Information given —
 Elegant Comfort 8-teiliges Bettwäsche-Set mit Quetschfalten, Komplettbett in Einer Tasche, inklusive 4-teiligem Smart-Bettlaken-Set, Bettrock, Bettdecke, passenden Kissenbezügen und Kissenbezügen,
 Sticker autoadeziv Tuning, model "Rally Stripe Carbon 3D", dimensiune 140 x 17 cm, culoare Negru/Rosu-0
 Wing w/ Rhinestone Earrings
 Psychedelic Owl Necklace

* * *

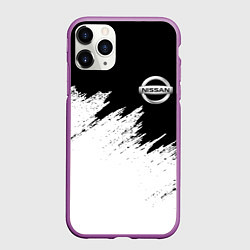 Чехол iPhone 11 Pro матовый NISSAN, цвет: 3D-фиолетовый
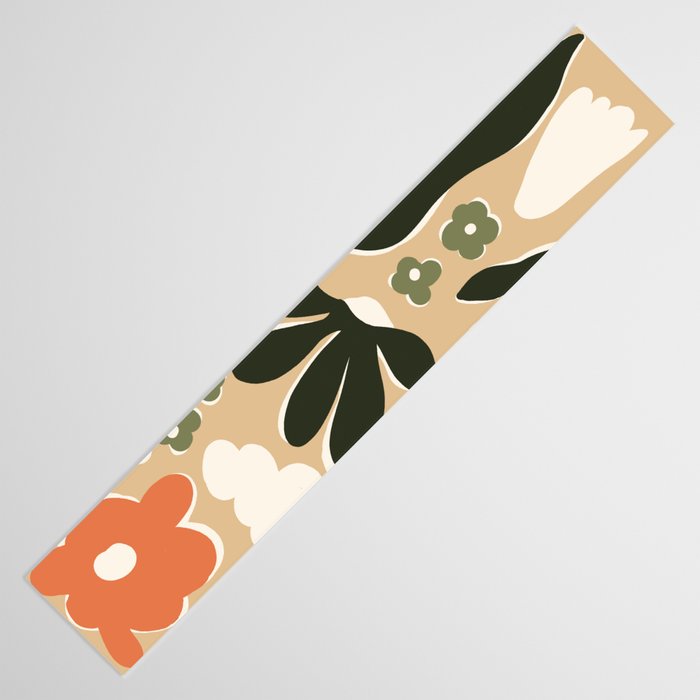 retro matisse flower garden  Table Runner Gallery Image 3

--

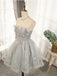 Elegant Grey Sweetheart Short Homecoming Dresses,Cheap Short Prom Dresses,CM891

Exercise goal — With the first line being the one containing "Sticker autoadeziv Tuning, model" and the last line the one containing "Psychedelic Owl Necklace", transcribe exactly the lines above that fall in that range.

Result of this exercise —
 Sticker autoadeziv Tuning, model "Rally Stripe Carbon 3D", dimensiune 140 x 17 cm, culoare Negru/Rosu-0
 Wing w/ Rhinestone Earrings
 Psychedelic Owl Necklace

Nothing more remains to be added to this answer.